I am trying to run spark-nlp as azure function.
I have a function app which is run with a docker container. My function app code is run on python and I also install java as I run pyspark within it. I use python's flask within one function to handle incoming requests.
Once the function app starts and container is running, for the first few seconds I get responses for my API calls but after only few seconds (~15-20 seconds) the API calls start timing out due to no response from the server.
The function app is running on dedicated app service plan and is set to 'always on'.
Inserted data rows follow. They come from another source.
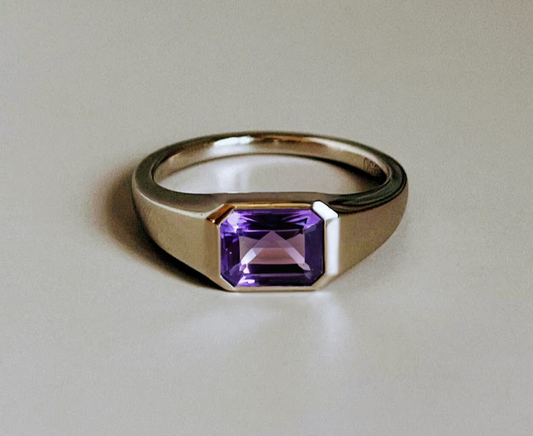 Sophisticated Purple Amethyst Gold Band Ring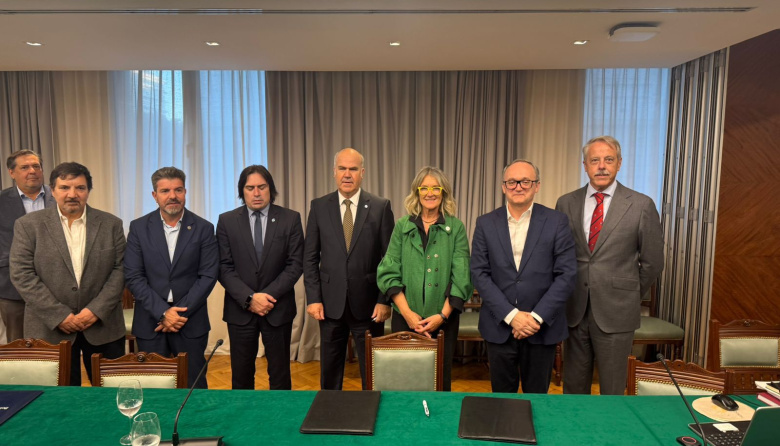 El Consejo Agroindustrial Argentino (CAA) firma un convenio con la SAGyP y el SENASA para potenciar el fortalecimiento y las capacidades técnicas que promuevan mayores exportaciones agroindustriales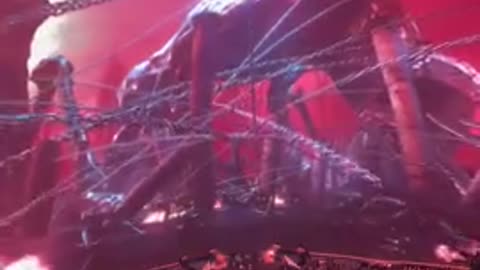 Country star Zac Brown accused of exposing thousands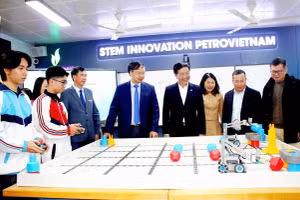 Lãnh đạo Tập đoàn Công nghiệp - Năng lượng Quốc gia Việt Nam, Sở GD&ĐT Thái Nguyên trao tặng phòng thực hành giáo dục STEM cho Trường THPT Chuyên Thái Nguyên.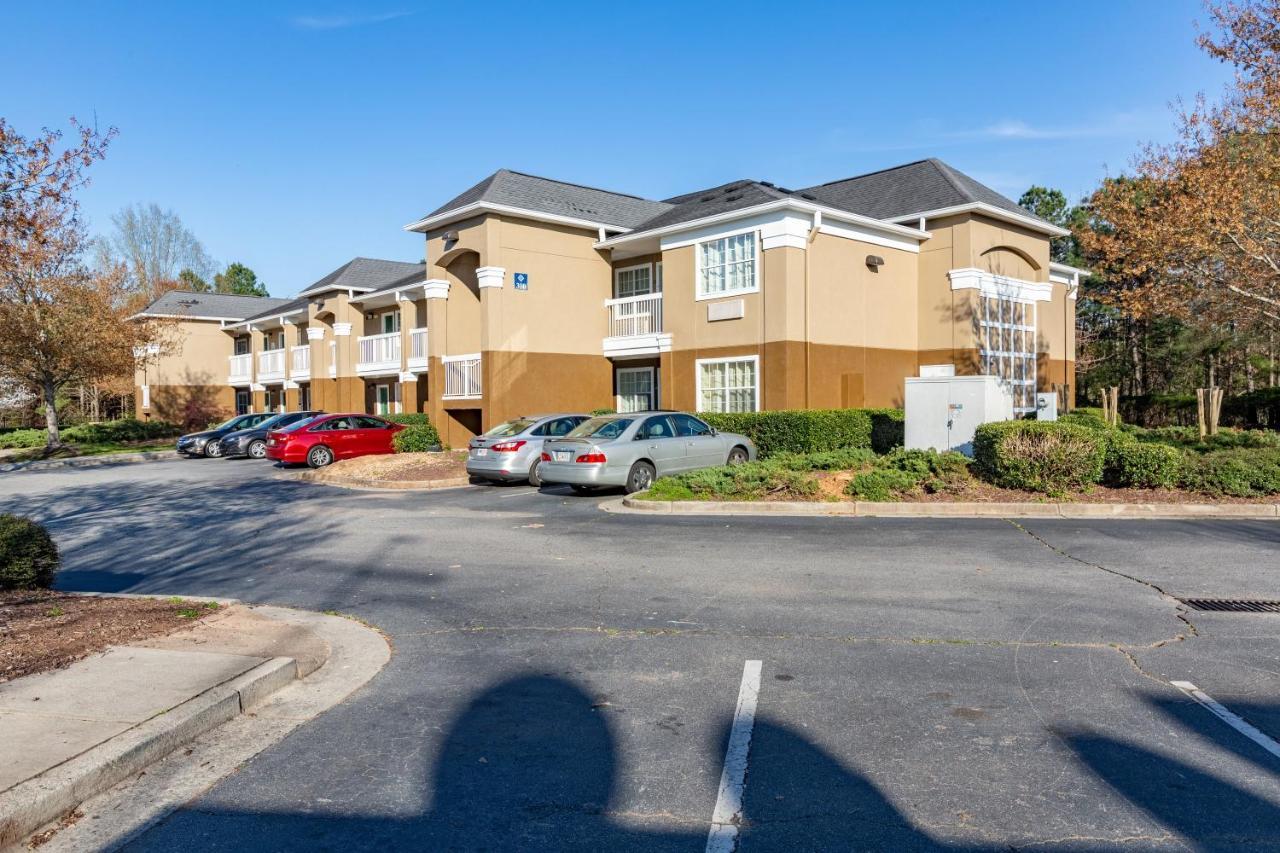 נורקרוס Hometowne Studios By Red Roof Atlanta Ne - Peachtree Corners מראה חיצוני תמונה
What is the reason for such a behavior?
Here is my function app code:
import logging
import azure.functions as func
# Imports for Spark-NLP
import os
import sys
sys.path.append('/home/site/wwwroot/contextSpellCheck/spark-2.4.7-bin-hadoop2.7/python')
sys.path.append('/home/site/wwwroot/contextSpellCheck/spark-2.4.7-bin-hadoop2.7/python/lib/py4j-0.10.7-src.zip')
import sparknlp
from sparknlp.annotator import *
from sparknlp.common import *
from sparknlp.base import *
from sparknlp.annotator import *
from flask import Flask, request
app = Flask(__name__)
spark = sparknlp.start()
documentAssembler = DocumentAssembler().setInputCol("text").setOutputCol("document")
tokenizer = RecursiveTokenizer().setInputCols(["document"]).setOutputCol("token").setPrefixes(["\"", "(", "[", "\n"]).setSuffixes([".", ",", "?", ")", "!", "'s"])
spellModel = ContextSpellCheckerModel.load("/home/site/wwwroot/contextSpellCheck/spellcheck_dl_en_2.5.0_2.4_1588756259065").setInputCols("token").setOutputCol("checked")
finisher = Finisher().setInputCols("checked")
pipeline = Pipeline(stages=[documentAssembler, tokenizer, spellModel, finisher])
empty_ds = spark.createDataFrame([[""]]).toDF("text")
lp = LightPipeline(pipeline.fit(empty_ds))
@app.route('/api/testFunction', methods = ['GET', 'POST'])
def annotate():
global lp
if request.method == 'GET':
text = request.args.get('text')
elif request.method == 'POST':
req_body = request.get_json()
text = req_body['text']
return lp.annotate(text)
def main(req: func.HttpRequest, context: func.Context) -> func.HttpResponse:
logging.info('Python HTTP trigger function processed a request.')
return func.WsgiMiddleware(app).handle(req, context)